### Task item
Could you give back exactly the lines below from the one with "Alpen Adria Hotel" through the one with "NORR11 Mammoth Chair", without a single picture?

### Entries shown
################

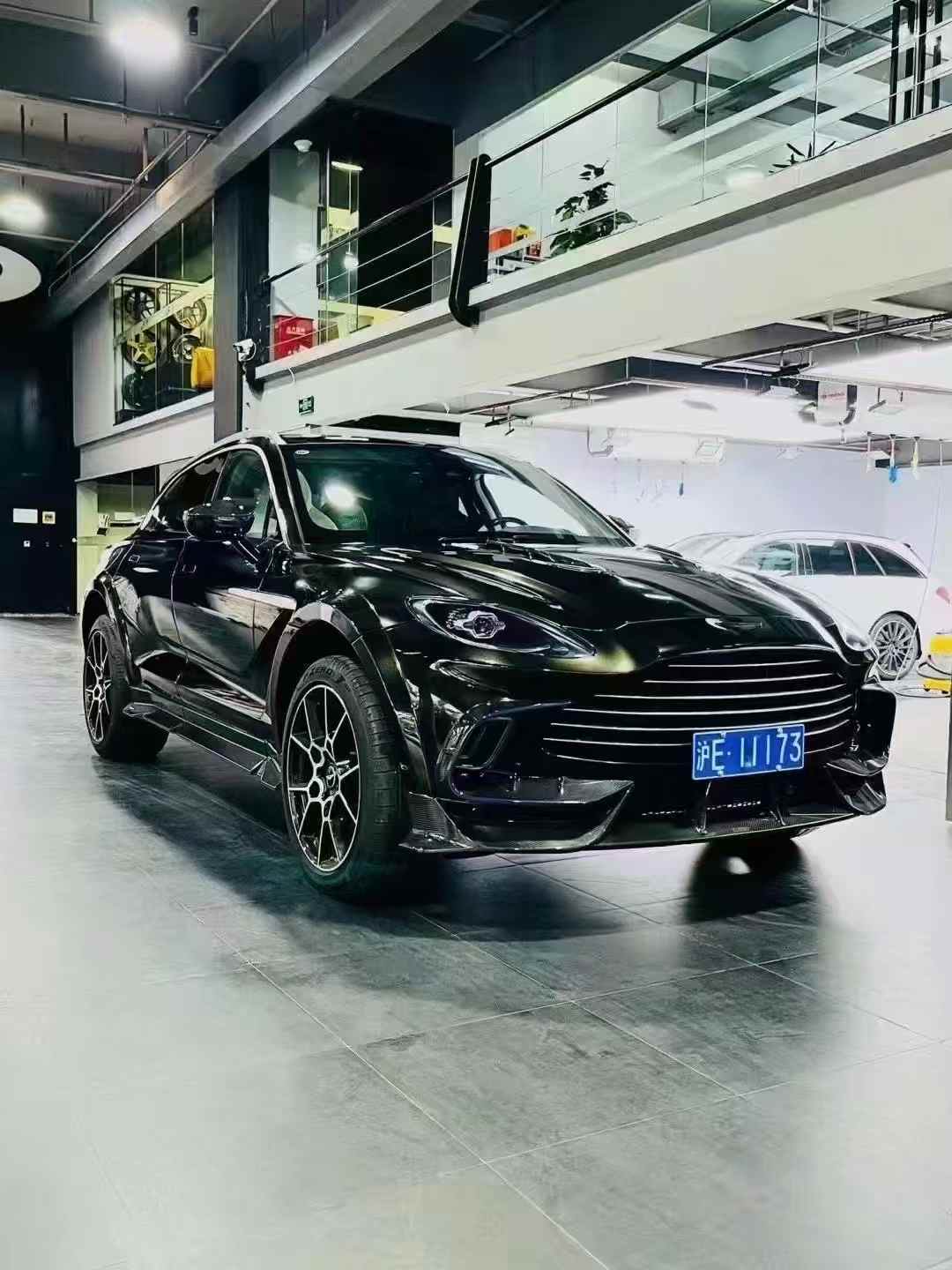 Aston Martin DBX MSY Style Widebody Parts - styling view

################

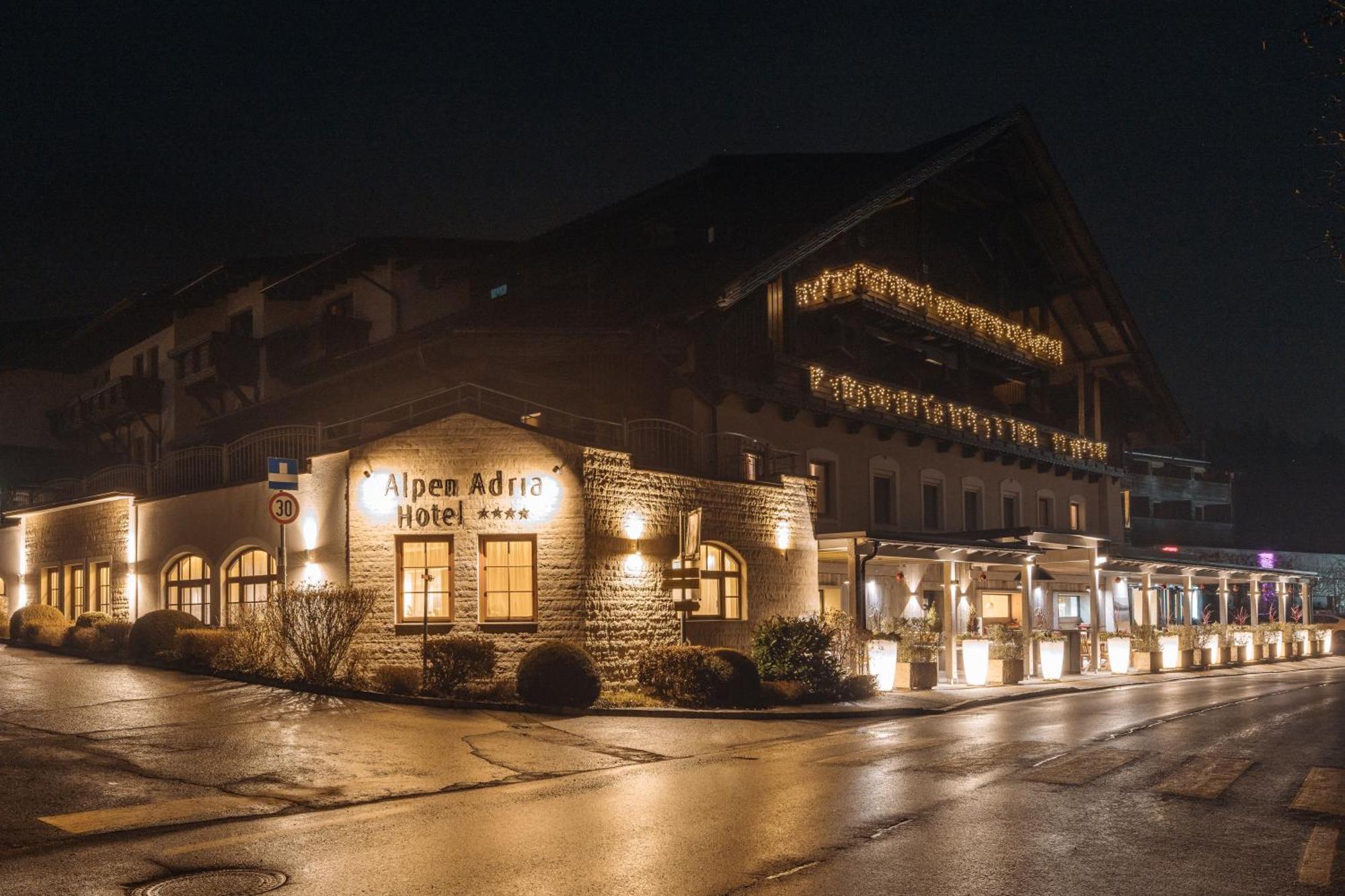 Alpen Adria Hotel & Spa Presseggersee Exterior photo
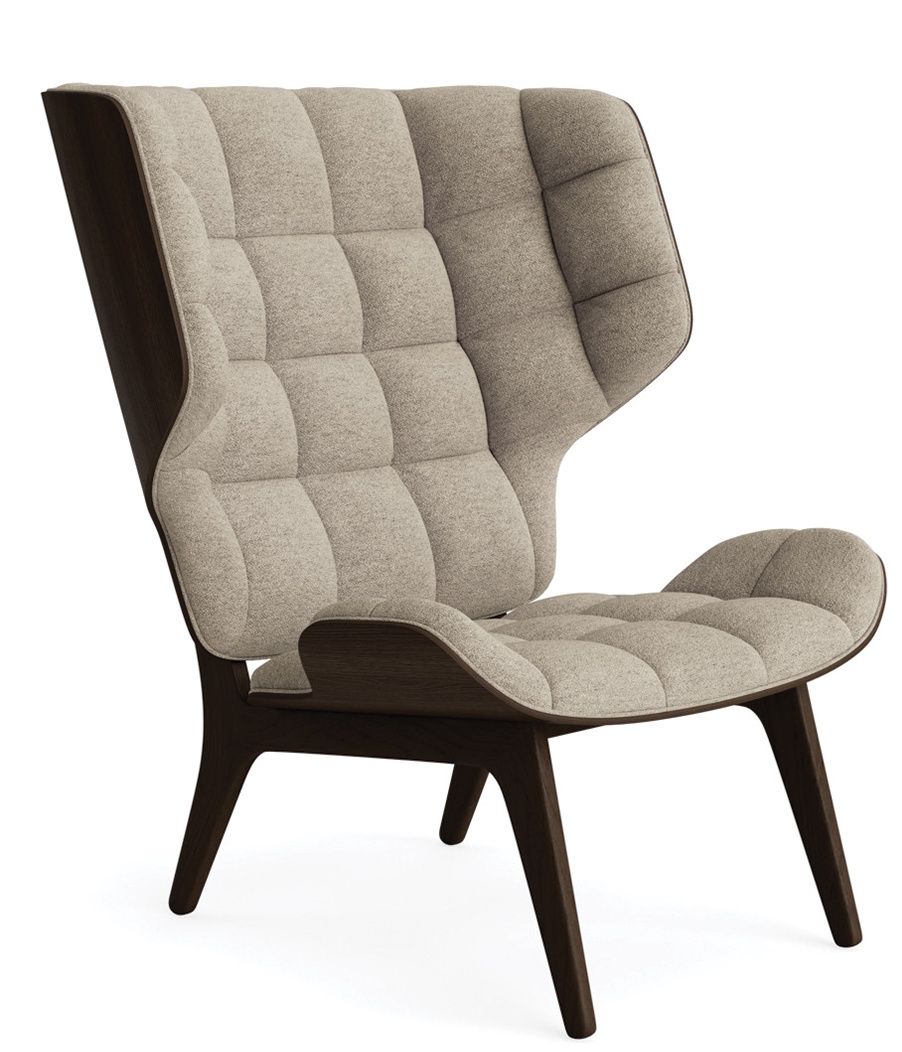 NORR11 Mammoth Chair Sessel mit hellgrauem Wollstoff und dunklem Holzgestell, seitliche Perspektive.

################

### Reply to the exercise
 Alpen Adria Hotel & Spa Presseggersee Exterior photo
 NORR11 Mammoth Chair Sessel mit hellgrauem Wollstoff und dunklem Holzgestell, seitliche Perspektive.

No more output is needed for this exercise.